森田 俊の部分的に真であり、部分的に偽

モノゴトは六面体。当たり前に見えるモノ。少し視点をずらすと見えるモノ。背景を探すと見えるモノに俯瞰すると見えるモノ。そして、絶対に見えないモノ。

情報システムは誰のものか?

怒られた。走り出して、しばらくしたら止まった。一度落ちて、立ち上がった。そしてこけた。

なんのことなのだろうか?小さな子供のことだろうか?

いや、これは子供のことではない。実は、ITエンジニアが情報システムに対して使う言葉なのである。

 

情報システムに何かを入力した後で、「決定ボタン」などを押すと、画面に赤くエラーが表示されることがある。

例えば、ネットショッピングをするときに自宅の住所を入力することがあるが、その時によく表示される例のあれである。(多くのショッピングサイトでは、住所は全角文字しか受け付けない。)

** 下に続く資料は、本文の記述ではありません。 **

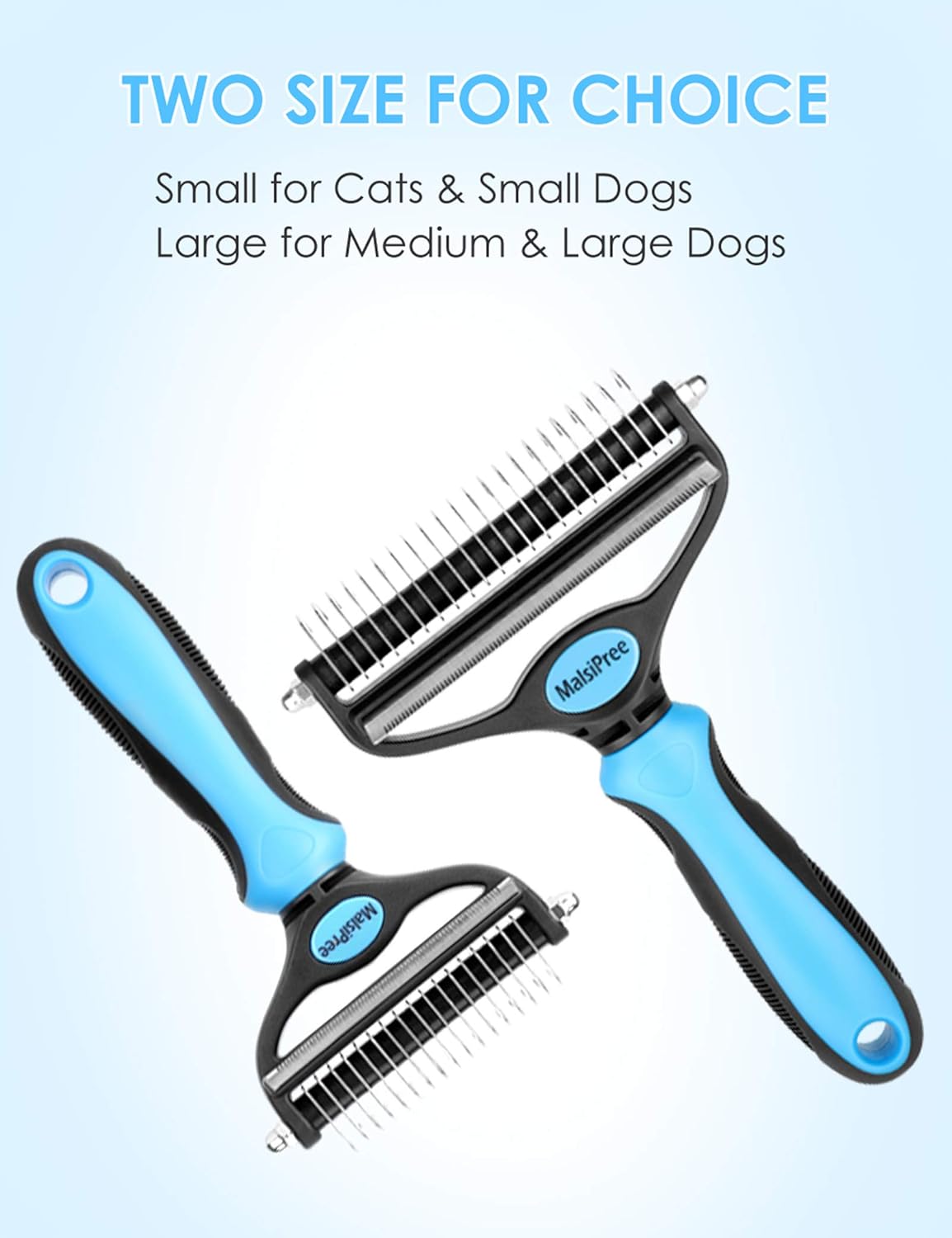 MalsiPree Pet Grooming Brush, 2 in 1 Deshedding Tool & Undercoat Rake Dematting Comb for Mats & Tangles Removing, Reduces Shedding up to 95%, Great for Short to Long Hair of Medium Large Dogs : Pet Supplies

これをITエンジニアは「怒られた」と言う。「走り出す」とは、処理がうまく稼働し始めたときに使う。そしてたまに、エラーで「止まって」しまう。

「落ちる」とは、コンピュータが停止してしまうことで、「立ち上がる」とは逆に起動することだ。そして「こける」とは、処理が異常終了して止まってしまうことを指す。

ITエンジニアは、毎日毎日、決して短くはない時間、情報システムと画面越しに向かい合っている。そして、いつしか情報システムを人のように扱ってしまう。

同じ情報システムに長くたずさわるほど、詳しくなる。いい子(扱いやすい)なのか、難しい子(すぐエラーになる、わかりにくい)なのかもわかってくる。

情報システムは自分達が命令した通りに動いてくれる。

そして、いつしか「情報システムは自分達のものである」と錯覚してしまう。

 

これは、決して悪いことではない。仕事に愛着を持つのはいいことだ。

でも、一つだけ忘れないようにしよう。

 

情報システムは誰のものか?

情報システムはそれを使っている「お客様」のものだ。だから、「お客様」に断りなく情報システムを変更してはいけない。「お客様」に十分に説明することなく、情報システムを変更してはいけない。

 

これは、ITエンジニアの基本中の基本である。これだけは、決して忘れてはいけない。